Hoje, exigimos elogios para tudo que fazemos, e premiamos a todos. Há escolas que dão medalhas até para os últimos colocados de um torneio, pois não podem traumatizar, mesmo aqueles que não se esforçaram ou nem mesmo participaram das competições, apenas se inscreveram.
O mundo atual exige que se coloque acima de tudo e de todos o meu “Eu”; e, nesse ponto, concluindo, precisamos recuar muito na História, para um tempo antes da desobediência de Adão e Eva, e ao assassinato criado por Caim contra seu próprio irmão, a fim de entender o que motiva a arrogância e a vaidade no ser humano.

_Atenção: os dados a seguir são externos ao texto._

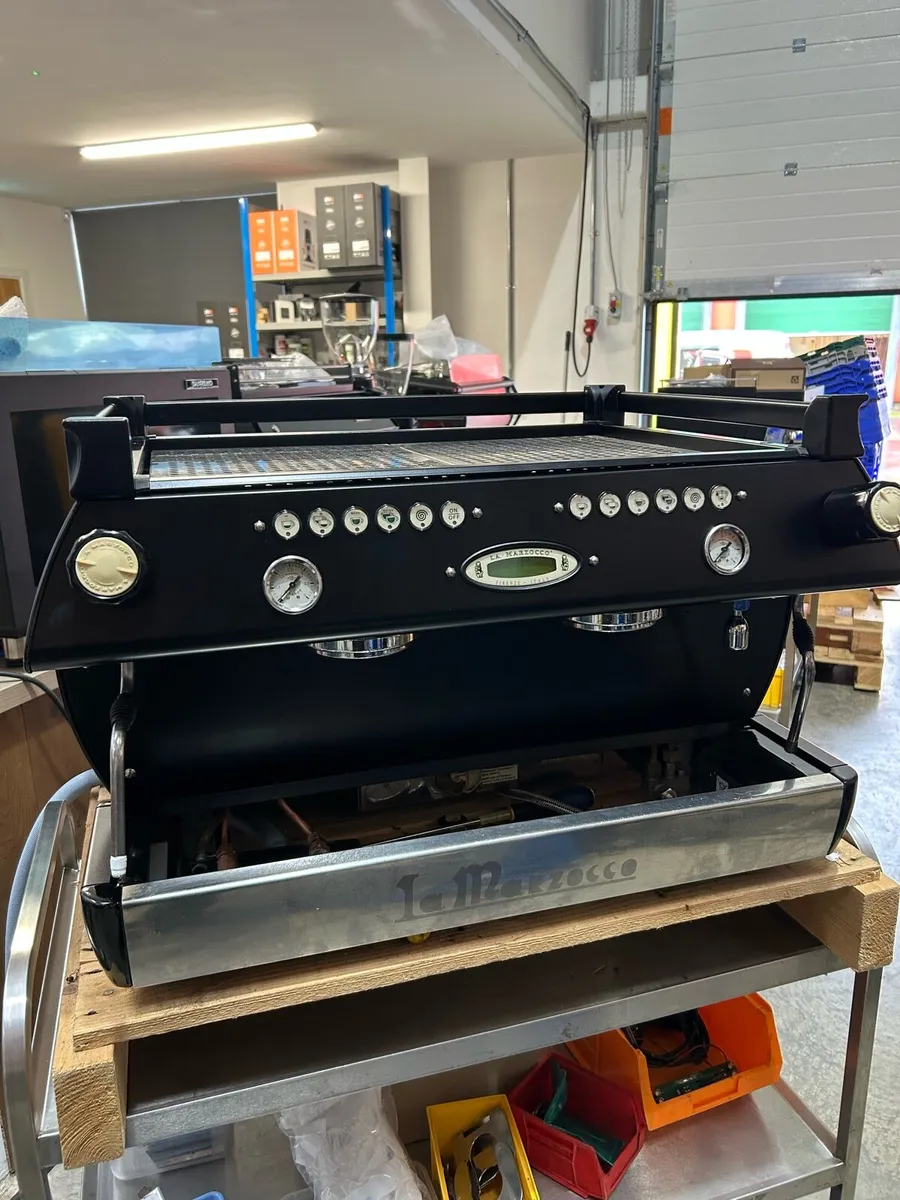 La Marzocco Gb5 coffee machine - Image 1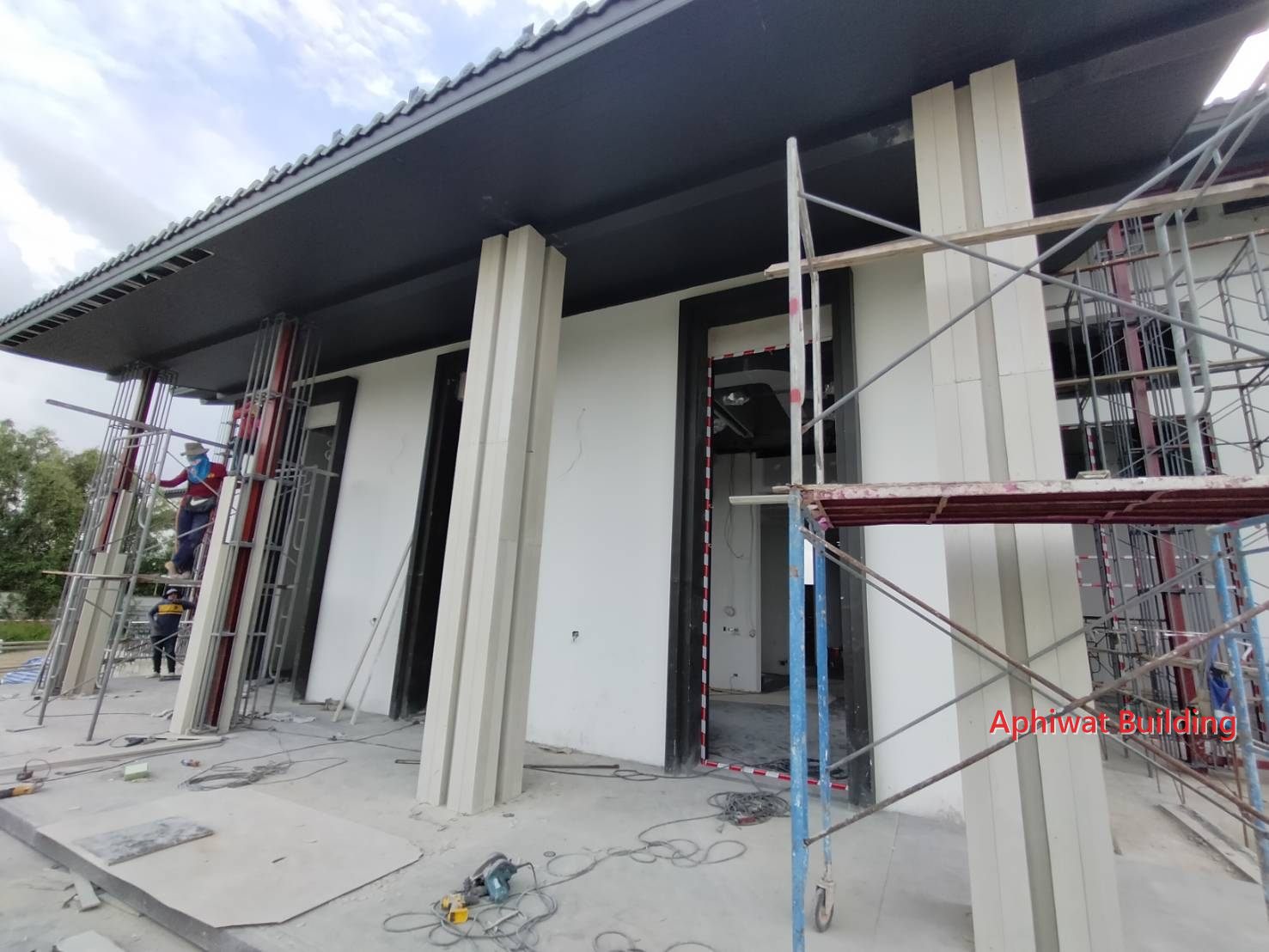 ติดตั้งเสาบนนั่งร้าน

A resposta está num dos mais importantes livros do Antigo Testamento, em Isaías 14.12-14 KJA: “Como foi que caíste dos céus, ó estrela da manhã, filho d’alva, da alvorada? Como foste atirado à terra, tu que derrubavas todas as nações? Afinal, tu costumavas declarar em teu coração: ‘Hei de subir até aos céus; erguerei o meu trono acima das estrelas de Deus; eu me estabelecerei na montanha da Assembleia, no ponto mais elevado de Zafon, o alto do monte, o monte santo. Subirei mais alto que as mais altas nuvens; torna-me-ei semelhante ao Altíssimo!”
E, nesse momento, o Arcanjo Lúcifer, cujo nome em hebraico significa “Portador de Luz”, se achou, de fato, lindo e maravilhoso, individuado, muito mais que todos, e se declarou “Eu”, quebrando a ordem e o ritmo da criação estabelecida pelo próprio Deus: o “Nós”.
Mas o “Eu” de Lúcifer se tornou tão pesado que caiu nas profundezas do Sheol (Abismo de morte), e conta a tradição que fora derrubado pelo Arcanjo Miguel, curiosamente respeitado por judeus, cristãos e islâmicos (cujo nome em hebraico – Mikha El – significa: “Quem pode ser semelhante a Deus?”).
O escritor do séc.17, John Milton, apimenta o assunto em sua ficção “Paradise Lost” ao narrar um possível diálogo entre Lúcifer caído e seu auxiliar mais próximo que lamentara o acontecimento. E Lúcifer teria respondido algo que passou para o comportamento das gerações até hoje: “Prefiro ser senhor no inferno a escravo no céu.”
Bem, it’s up to you (a escolha é sua). Eu sugiro que sejamos como o bom e velho apóstolo Paulo: “Paulo e Timóteo, servos (escravos) de Cristo, a todos os santos…” (Fl 1.1 KJA).